The easiest way to deal with online plagiarism is that you send a DMCA notice to search engines, the web hosting provider and the advertising partners (like AdSense) of the offending site. Google Search requires you to fax the DMCA notices, AdSense offers an online form while most web hosts accept DMCA over e-mail.
Find Copies of your Work with Google Docs
It is pretty easy to write a DMCA complaint but there’s one section in the form that may involve a little effort – you need to provide a list of URLs of pages that “allegedly contain infringing material” and also the corresponding URLs that contain the original work.

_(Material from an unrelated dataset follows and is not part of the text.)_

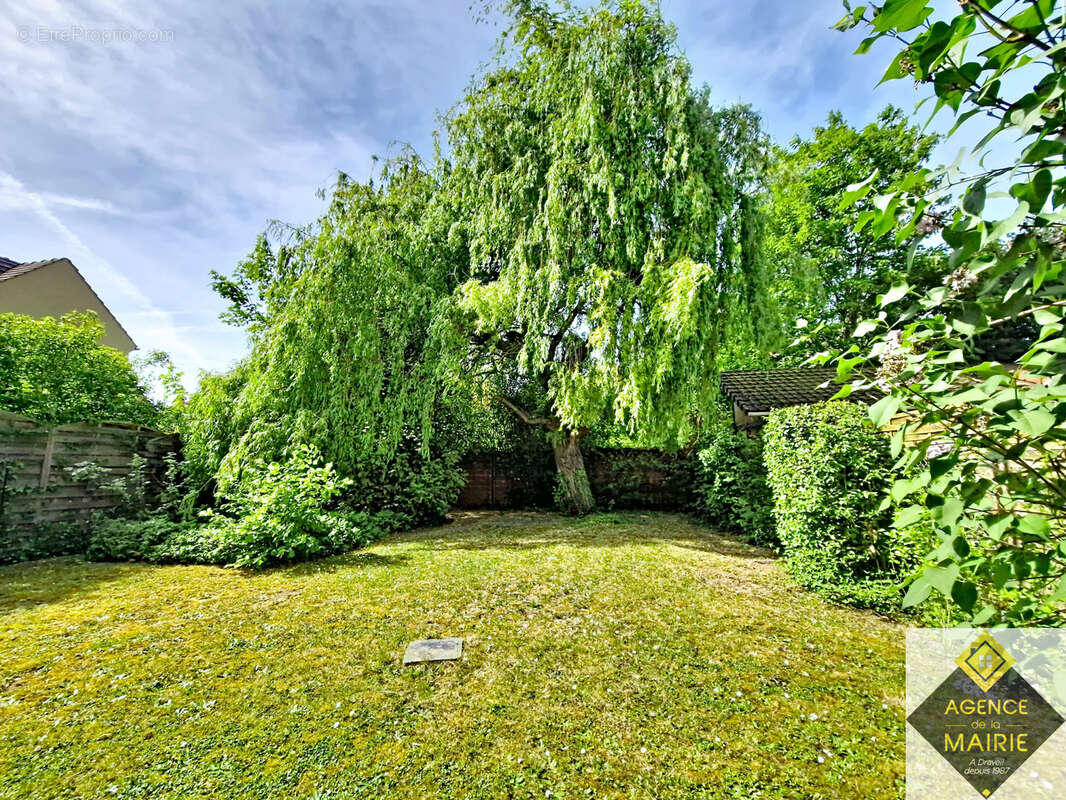 Maison à SOISY-SUR-SEINE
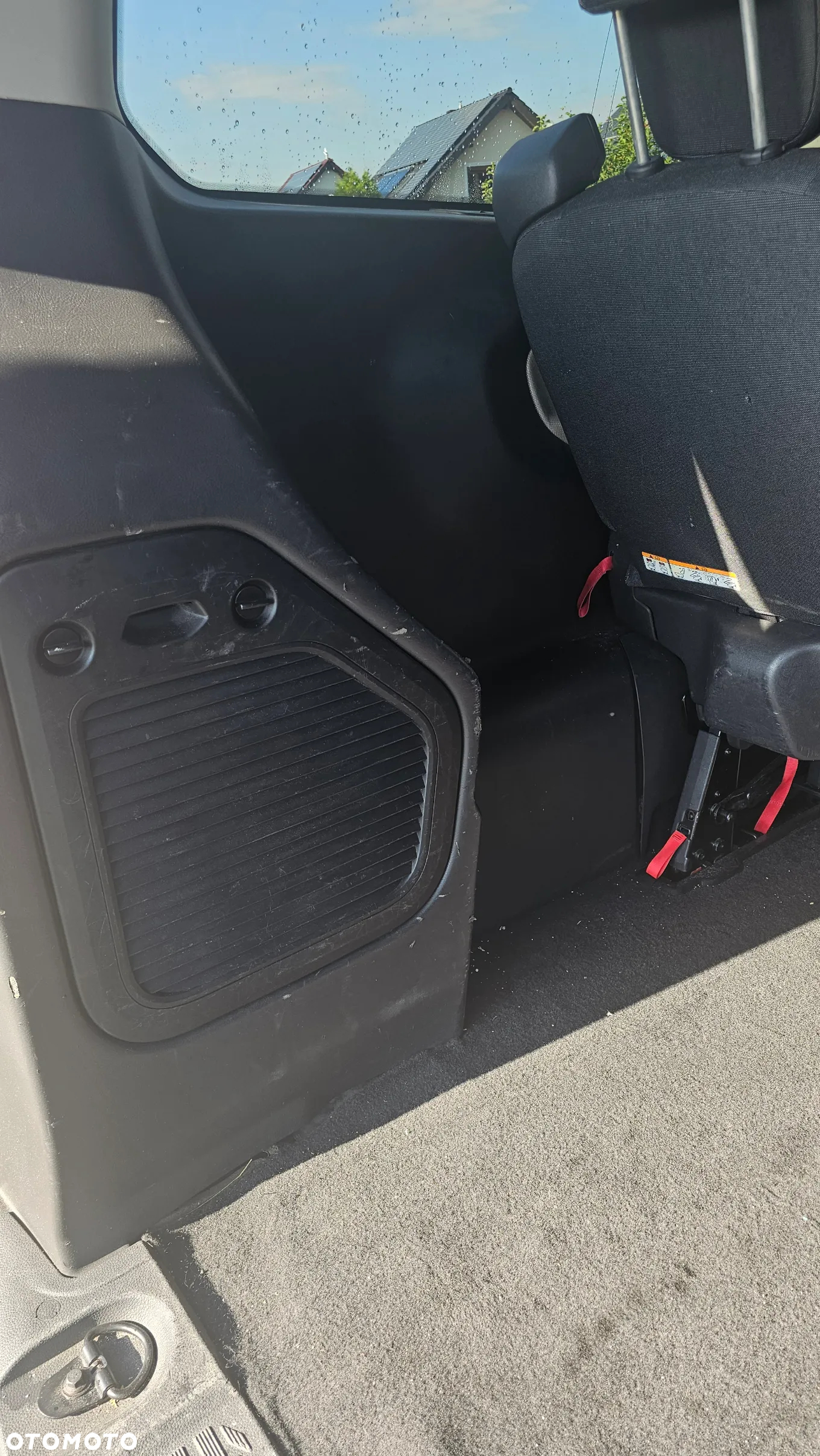 Ford Tourneo Custom - 17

If you have been looking for a tool that can automatically generate this list for you, take a peek at this Google Docs Sheet. Make sure you are signed in with your Google Account and the use File -> Make a copy to create your own working copy of the Google Sheet. Then put in your site’s RSS feed URL in the Cell B3 and the URL of offending site in Cell B4 and the sheet will create the data you need for the DMCA.
What happens behind the scenes
Here’s how the above Google Docs sheet work – it take your RSS feed and determines the title and the URL of your 10 recently published stories using the ImportFeed function.

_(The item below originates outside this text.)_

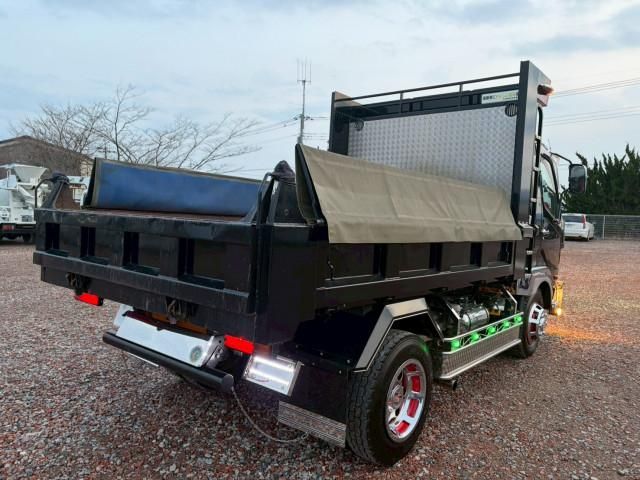 MITSUBISHI FUSOU FIGHTER 2004 Image 31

The sheet then runs a separate Google Search for each of the 10 stories to determine if a story with the same title exists on the offending site. If a copy is found, the URL of that page is extracted from Google Search using XPath and ImportXML as shown below.
=ImportXML(CONCATENATE("http://www.google.com/search?q=intitle:%22", A6, "%22 site:", $B$4), "//a[@class='l']/@href")
If you are getting an N/A for some fields, it either indicates that the particular story was not found on the offending site or it could be temporary problem with Google search as well.